After more than a decade of campaigns, Gomeroi Traditional Custodians, Liverpool Plains farmers and environment groups are celebrating the preservation of rich farming plains from a coal corporation.
The New South Wales government announced on April 21 that it will pay Chinese mining company Shenhua $100 million to walk away from the Watermark Coal Project.
Deputy Premier and resources minister John Barilaro said Shenhua will withdraw its mining lease application and surrender its development consent. The government will cancel the exploration licence and acquire 6000 hectares of high conservation land, to be managed by the state’s local land services.
The Environmental Defenders Office (EDO) described the buy-back as a “massive win” for its clients including First Nation’s leader Veronica “Dolly” Talbott, Lock the Gate Alliance and Upper Mooki Landcare.
The licence, given in 2008, created a groundswell of opposition from the Gomeroi Traditional Custodians, who wanted to protect the area’s cultural sites and landholders who feared the mine’s impact on an area renowned for its fertile soil.

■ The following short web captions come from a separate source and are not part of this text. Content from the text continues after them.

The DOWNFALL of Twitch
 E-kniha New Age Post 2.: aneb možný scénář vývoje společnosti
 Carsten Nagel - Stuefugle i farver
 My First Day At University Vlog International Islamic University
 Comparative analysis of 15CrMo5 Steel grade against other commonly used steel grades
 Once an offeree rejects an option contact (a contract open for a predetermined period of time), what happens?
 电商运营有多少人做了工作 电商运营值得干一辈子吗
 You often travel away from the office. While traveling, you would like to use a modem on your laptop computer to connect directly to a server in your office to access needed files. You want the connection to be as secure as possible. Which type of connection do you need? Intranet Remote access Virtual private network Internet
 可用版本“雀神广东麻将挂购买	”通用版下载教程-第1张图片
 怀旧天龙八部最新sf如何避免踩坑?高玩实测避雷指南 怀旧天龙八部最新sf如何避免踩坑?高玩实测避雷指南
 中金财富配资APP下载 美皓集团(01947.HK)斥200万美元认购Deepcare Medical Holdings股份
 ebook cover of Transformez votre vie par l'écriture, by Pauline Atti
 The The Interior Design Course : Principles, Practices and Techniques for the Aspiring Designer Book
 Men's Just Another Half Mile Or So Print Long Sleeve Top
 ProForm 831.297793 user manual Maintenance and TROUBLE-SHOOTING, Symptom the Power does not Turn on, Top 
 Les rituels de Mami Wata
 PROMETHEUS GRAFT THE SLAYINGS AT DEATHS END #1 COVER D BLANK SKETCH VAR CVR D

EDO spokesperson Rana Koroglu said the mine “should never have made it past the first hurdle”. She said this means that state and federal laws needed to be strengthened “so that the voices of the community and First Nations peoples, in particular, are heard loud and clear up front before destructive proposals like this are even allowed to proceed to the assessment stage”.
The buyout, while welcome, contained an odour of opportunism. Even Shenhua said “the decision reflected shifting economic and social circumstances since the project began in 2008”.
The Watermark project had been on shaky ground for some time. Shenhua’s March 2016 Annual Report had forecast a drop in demand for coal and capital expenditure on new mines was slashed. It was around this time that the NSW government negotiated a $220 million buy back of BHP Billiton’s Carooma licence, after an 8-year community opposition campaign.
There secret negotiations between the NSW government, backed by its federal counterparts, and Shenhua for reimbursement of the $300 million licence fee.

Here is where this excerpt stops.